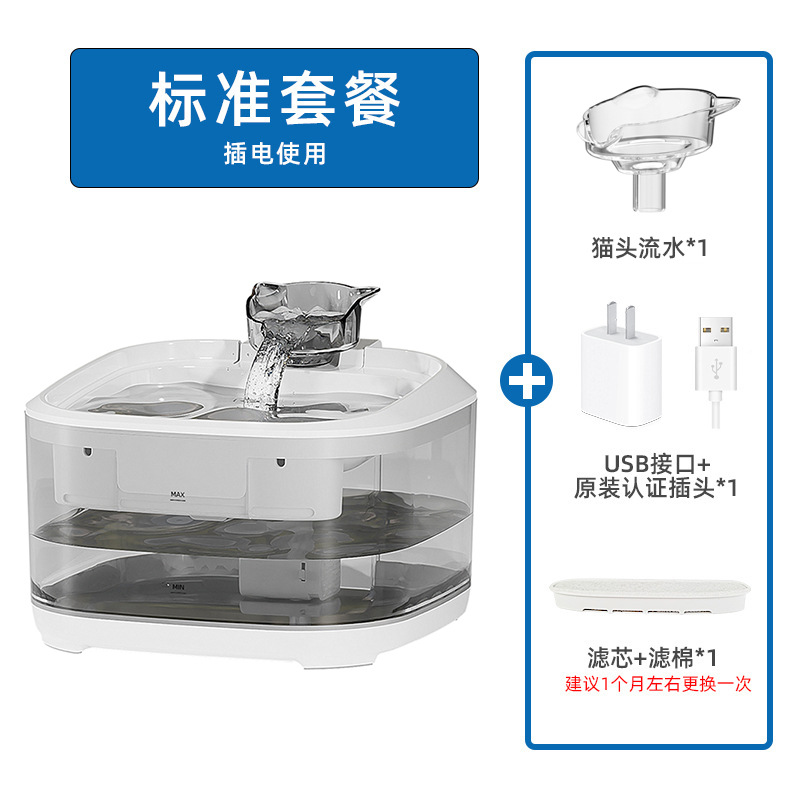 Nuevo dispensador de agua ultra silencioso para mascotas, filtro de circulación de gran capacidad, dispensador automático de agua para gatos y perros inteligentes.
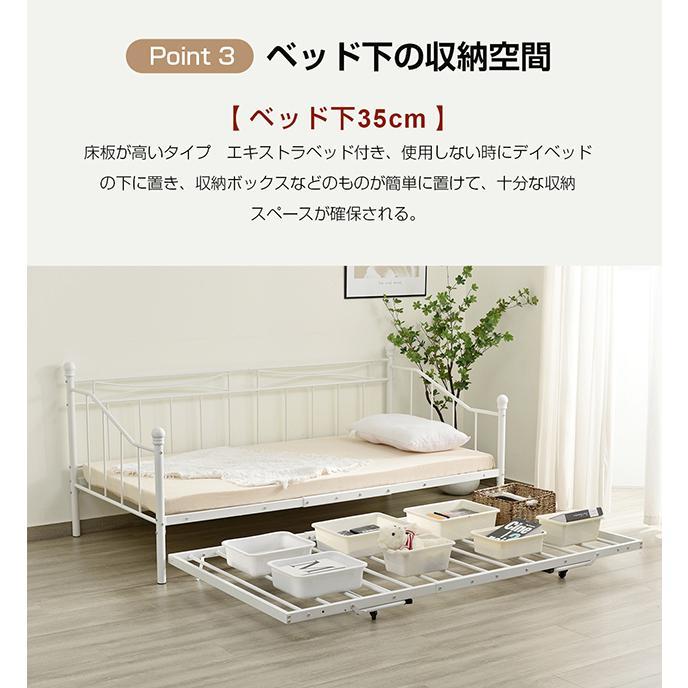 親子ベッド 二段ベッド シングルベッド 収納 パイプベッド 親子ベッド 二段ベッド シングルベッド 収納 パイプベッド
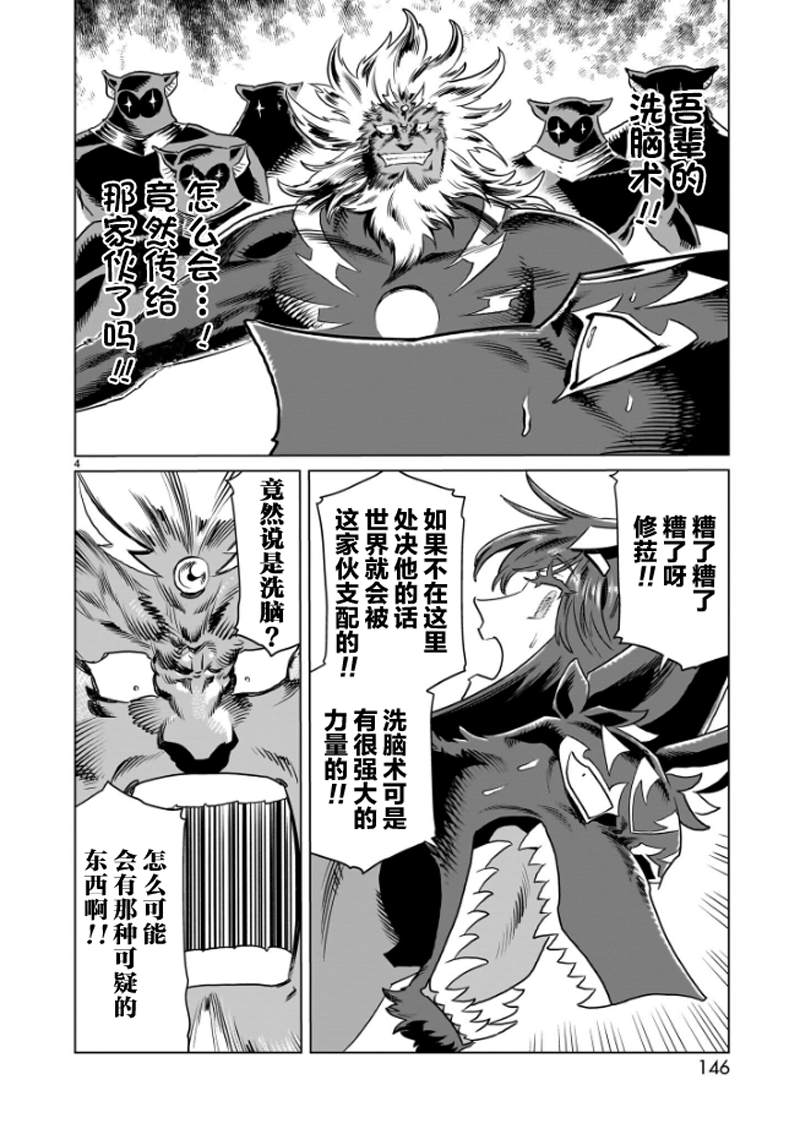 斩首大刀使用者漫画,第12话4图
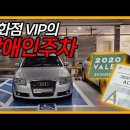 백화점 VIP들 털어버린 딸배헌터 이미지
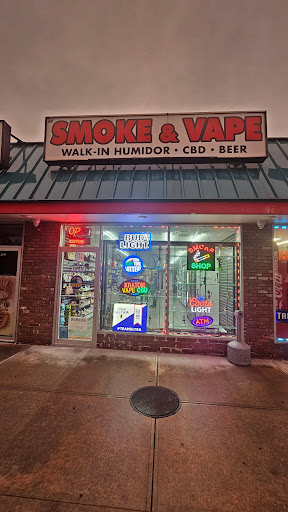 RK smoke and Vape Inc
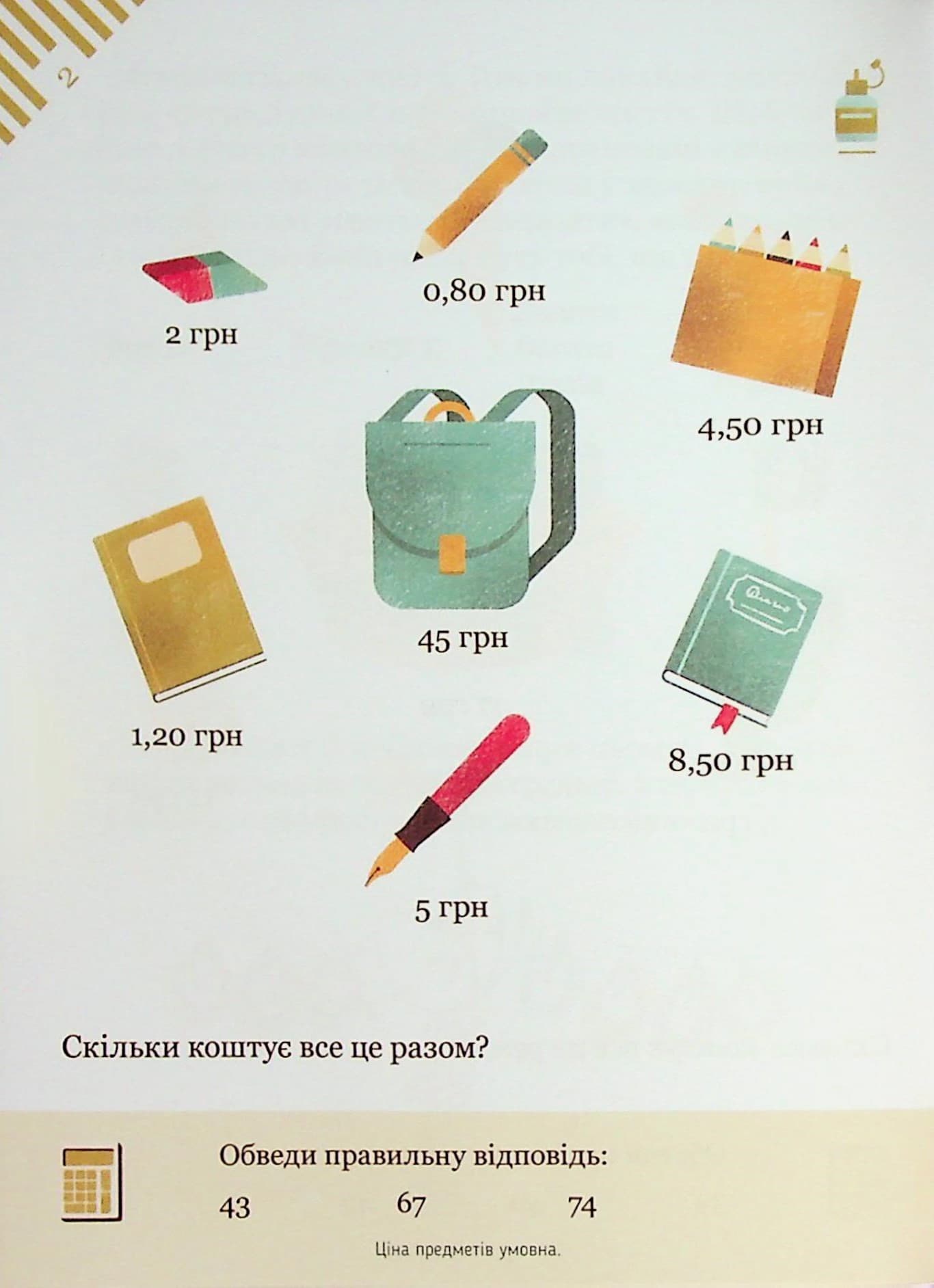 Розв’язуємо задачі з калькулятором. 29 вправ на додавання та пропорції, фото - 3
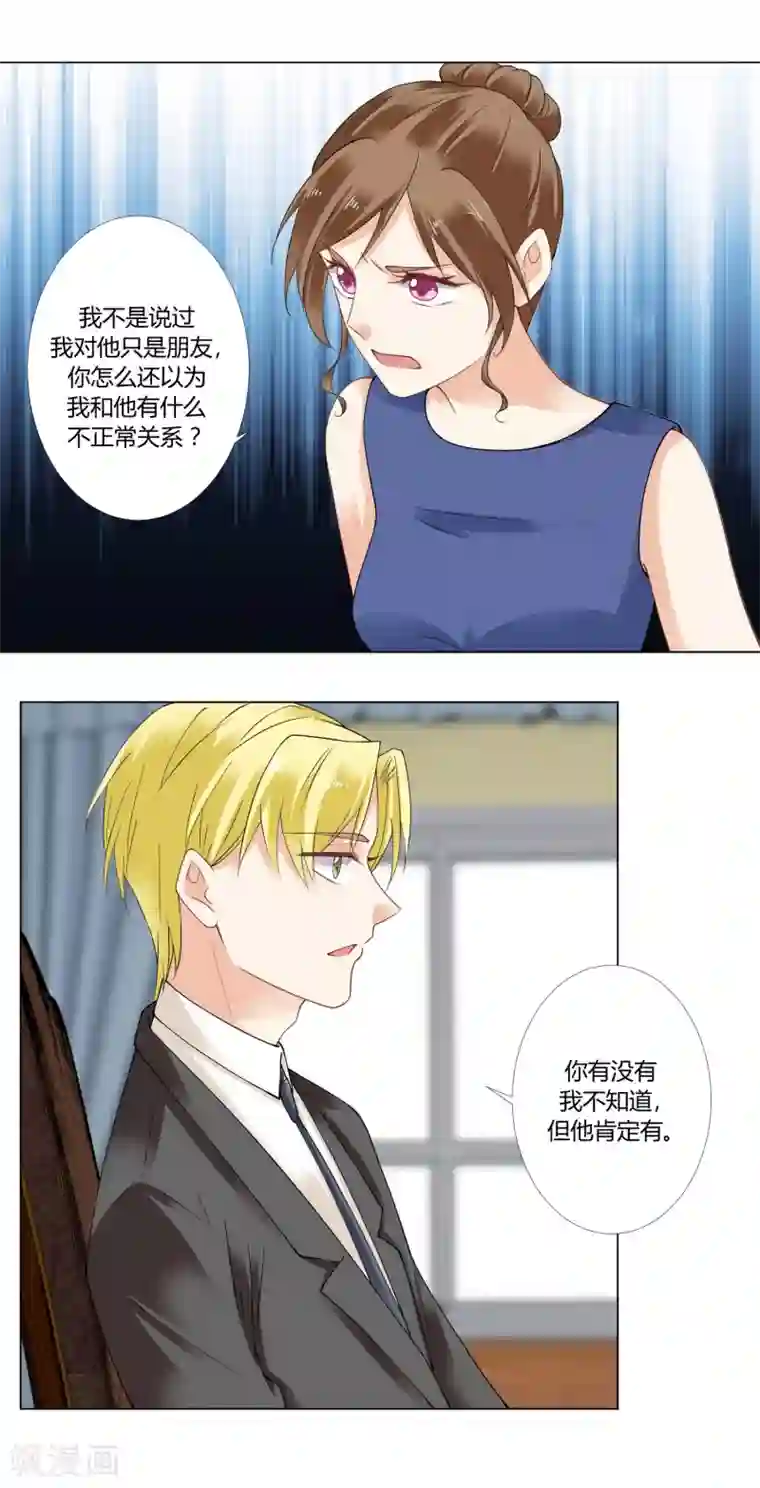 我的甜甜小保姆第92话 你在乎过我吗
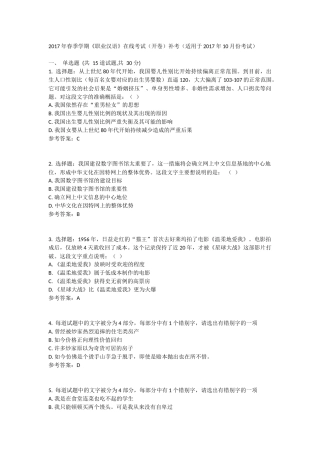 华东石油2017年春季学期《职业汉语》在线考试(开卷)补考(适用于2017年10月份考试)答案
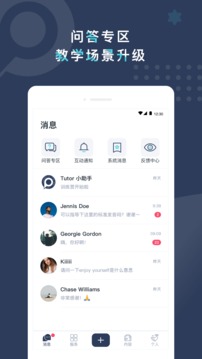 Pop On Tutor截圖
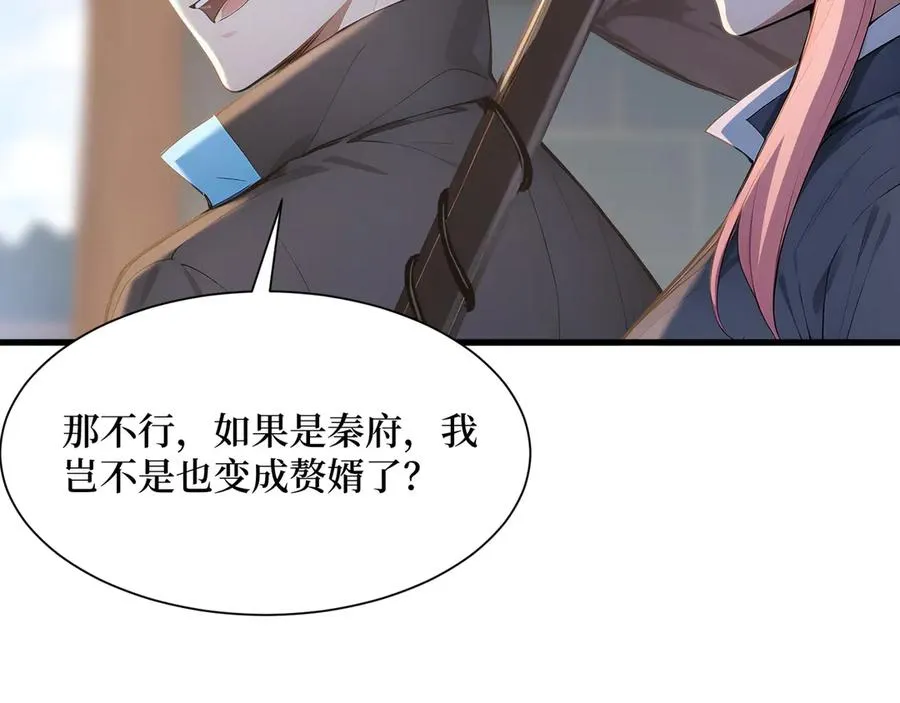 第60话 趁手兵器 第47页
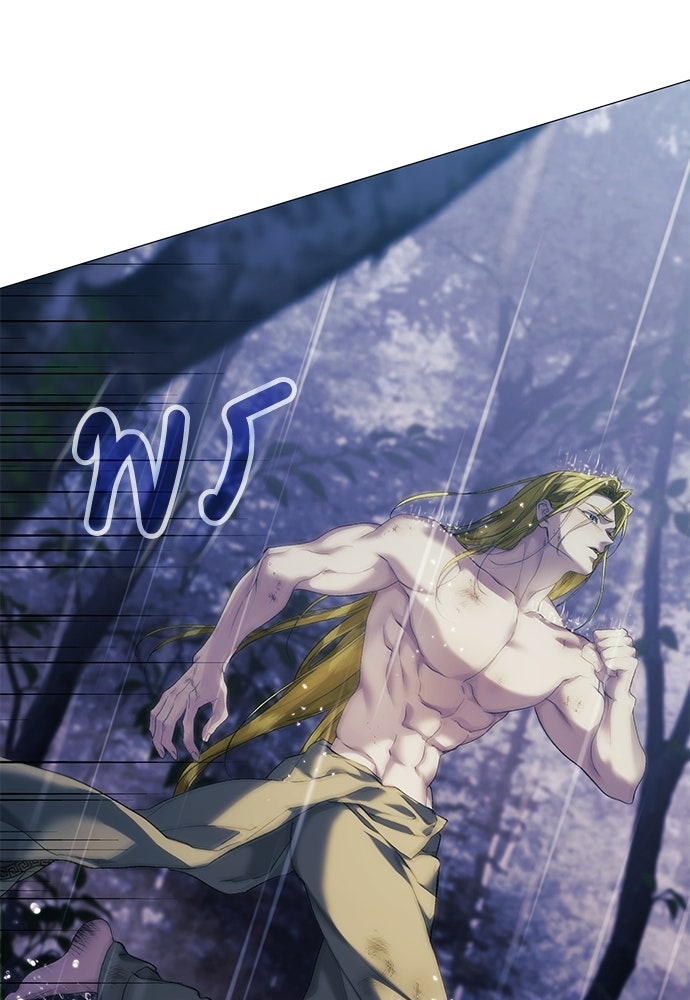 [ฉบับปรับปรุง] อธิษฐานรักแด่แดฟนี่ - หน้า 48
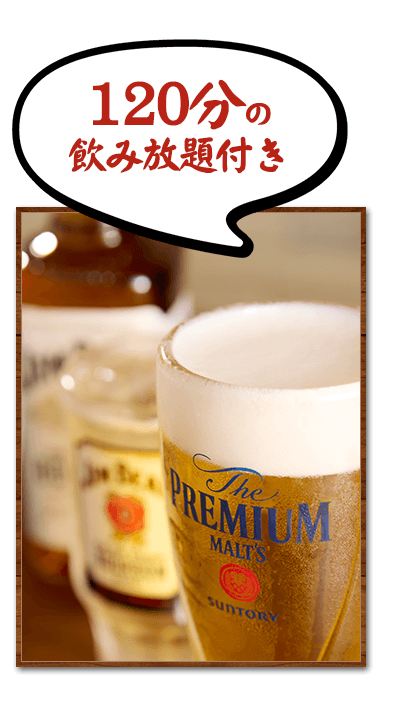ドリンク集合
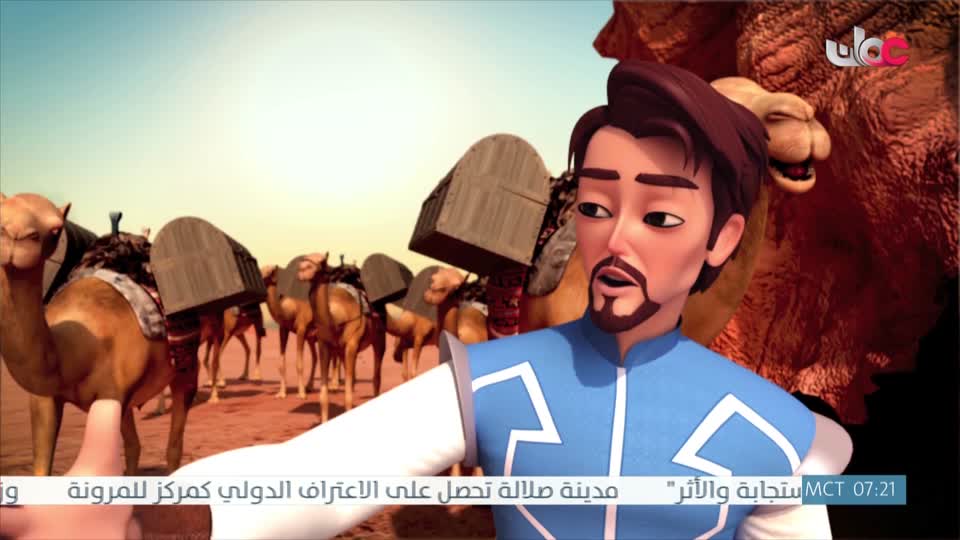ج1قنديل الحكايات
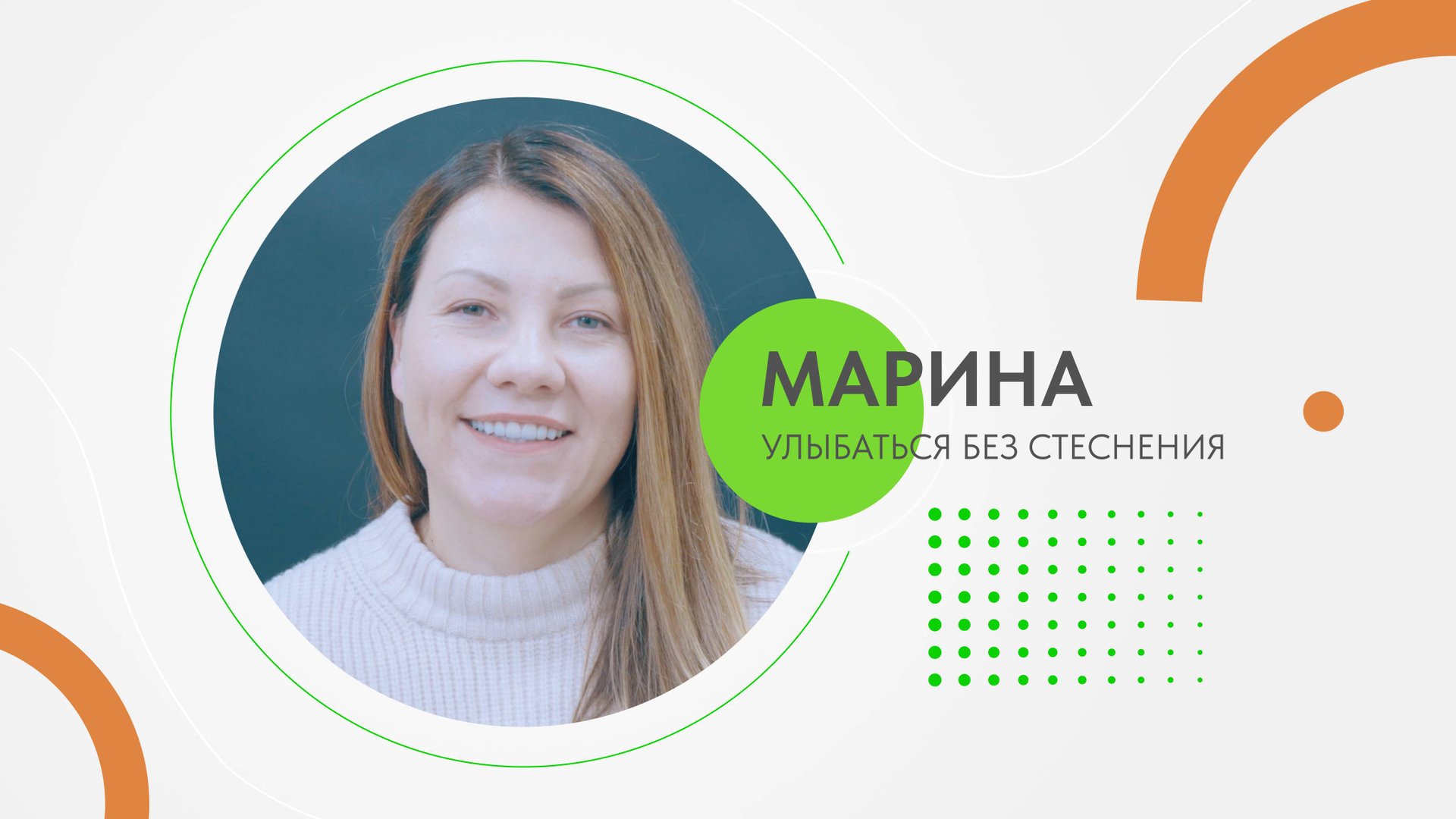 ОТЗЫВ "Д.С. Стоматология" Калуга_Марина смотреть онлайн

_Exercise objective_.
Extract, verbatim and alone, the lines from the line that contains "[ฉบับปรับปรุง] อธิษฐานรักแด่แดฟนี่ - หน้า 48" to the last line of the records, inclusive; drop any picture.

_Task output_.
 [ฉบับปรับปรุง] อธิษฐานรักแด่แดฟนี่ - หน้า 48
ドリンク集合
ج1قنديل الحكايات
 ОТЗЫВ "Д.С. Стоматология" Калуга_Марина смотреть онлайн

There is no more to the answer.